**Dataset content:**
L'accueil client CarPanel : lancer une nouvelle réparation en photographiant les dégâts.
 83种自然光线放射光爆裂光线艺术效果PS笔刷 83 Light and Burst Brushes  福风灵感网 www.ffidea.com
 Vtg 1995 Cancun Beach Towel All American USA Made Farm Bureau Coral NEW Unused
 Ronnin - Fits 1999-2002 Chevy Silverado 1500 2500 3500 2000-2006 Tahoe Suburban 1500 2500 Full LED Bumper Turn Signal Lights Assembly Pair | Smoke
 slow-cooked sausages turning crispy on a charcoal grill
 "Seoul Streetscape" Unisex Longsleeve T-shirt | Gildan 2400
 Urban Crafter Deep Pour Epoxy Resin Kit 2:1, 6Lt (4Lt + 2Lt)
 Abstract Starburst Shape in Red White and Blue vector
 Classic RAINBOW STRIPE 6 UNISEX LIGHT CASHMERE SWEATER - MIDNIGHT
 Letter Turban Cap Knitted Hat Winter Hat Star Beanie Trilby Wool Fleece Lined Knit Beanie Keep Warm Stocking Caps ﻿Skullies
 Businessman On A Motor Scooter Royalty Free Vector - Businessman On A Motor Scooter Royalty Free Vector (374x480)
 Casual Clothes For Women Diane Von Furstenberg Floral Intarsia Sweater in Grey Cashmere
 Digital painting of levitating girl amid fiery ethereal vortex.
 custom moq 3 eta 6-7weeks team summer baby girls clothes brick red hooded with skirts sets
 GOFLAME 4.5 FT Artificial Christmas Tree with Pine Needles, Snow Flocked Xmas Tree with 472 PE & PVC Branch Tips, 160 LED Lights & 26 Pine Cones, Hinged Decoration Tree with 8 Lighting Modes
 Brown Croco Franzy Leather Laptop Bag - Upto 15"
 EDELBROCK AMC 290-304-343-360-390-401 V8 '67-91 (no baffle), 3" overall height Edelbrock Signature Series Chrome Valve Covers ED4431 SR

**What you need to do:** Set out the entries once more, word for word.

**Solution to the problem:**
L'accueil client CarPanel : lancer une nouvelle réparation en photographiant les dégâts.
 83种自然光线放射光爆裂光线艺术效果PS笔刷 83 Light and Burst Brushes  福风灵感网 www.ffidea.com
 Vtg 1995 Cancun Beach Towel All American USA Made Farm Bureau Coral NEW Unused
 Ronnin - Fits 1999-2002 Chevy Silverado 1500 2500 3500 2000-2006 Tahoe Suburban 1500 2500 Full LED Bumper Turn Signal Lights Assembly Pair | Smoke
 slow-cooked sausages turning crispy on a charcoal grill
 "Seoul Streetscape" Unisex Longsleeve T-shirt | Gildan 2400
 Urban Crafter Deep Pour Epoxy Resin Kit 2:1, 6Lt (4Lt + 2Lt)
 Abstract Starburst Shape in Red White and Blue vector
 Classic RAINBOW STRIPE 6 UNISEX LIGHT CASHMERE SWEATER - MIDNIGHT
 Letter Turban Cap Knitted Hat Winter Hat Star Beanie Trilby Wool Fleece Lined Knit Beanie Keep Warm Stocking Caps ﻿Skullies
 Businessman On A Motor Scooter Royalty Free Vector - Businessman On A Motor Scooter Royalty Free Vector (374x480)
 Casual Clothes For Women Diane Von Furstenberg Floral Intarsia Sweater in Grey Cashmere
 Digital painting of levitating girl amid fiery ethereal vortex.
 custom moq 3 eta 6-7weeks team summer baby girls clothes brick red hooded with skirts sets
 GOFLAME 4.5 FT Artificial Christmas Tree with Pine Needles, Snow Flocked Xmas Tree with 472 PE & PVC Branch Tips, 160 LED Lights & 26 Pine Cones, Hinged Decoration Tree with 8 Lighting Modes
 Brown Croco Franzy Leather Laptop Bag - Upto 15"
 EDELBROCK AMC 290-304-343-360-390-401 V8 '67-91 (no baffle), 3" overall height Edelbrock Signature Series Chrome Valve Covers ED4431 SR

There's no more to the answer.